One particular incident I had to deal with was when a dome security camera had been ripped off a ceiling. I had a conversation with the alleged vandal and in response to my asking him about what he had done, he folded his arms and said in a somewhat defensive tone,  “How do you know it was me?” 

At this point I asked him whether he wanted to think about that question for a nanosecond, or would he rather just see the last 30 seconds shown on the video feed?  After a couple of minutes he twigged and realised the video feed probably had a brilliant shot of his face and hands reaching up and ripping the camera off the ceiling. 

I then proceeded to ask the most useless question of all, “Why did you do that?” and I got the predictable and unhelpful response, “I don’t know”. In doing this, I had created a situation of escalating the incident.

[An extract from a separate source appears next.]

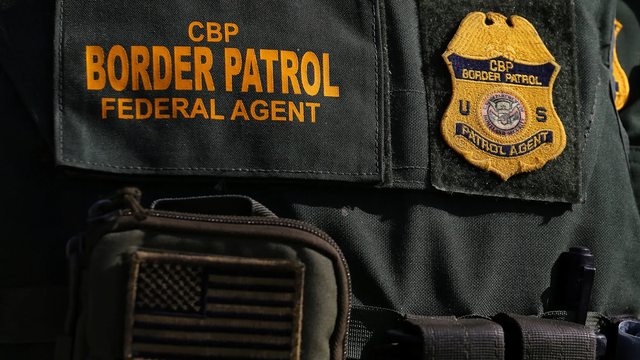 Close-up of the CBP Federal Agent insignia, symbolizing the dedication and authority of U.S. Customs and Border Protection officers. Close-up of the CBP Federal Agent insignia, symbolizing the dedication and authority of U.S. Customs and Border Protection officers.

Flight, fight or freeze.  As my question started with a ‘why’ it is more likely to be perceived as accusatory, and increases the chances of them going into a ‘fight, flight, or freeze’ response,  which subsequently makes resolving the issue that bit more difficult. 

If I had framed the question differently, using open questions which were less threatening, such as, “Help me understand what was going on for you at that moment?” or “What questions might I have about what happened?” or “What can you tell me about what happened?” or “How can we resolve what has occurred?” or “What information do you need to know from me at this point?” the conversation may have opened up and the situation may have been resolved much more quickly.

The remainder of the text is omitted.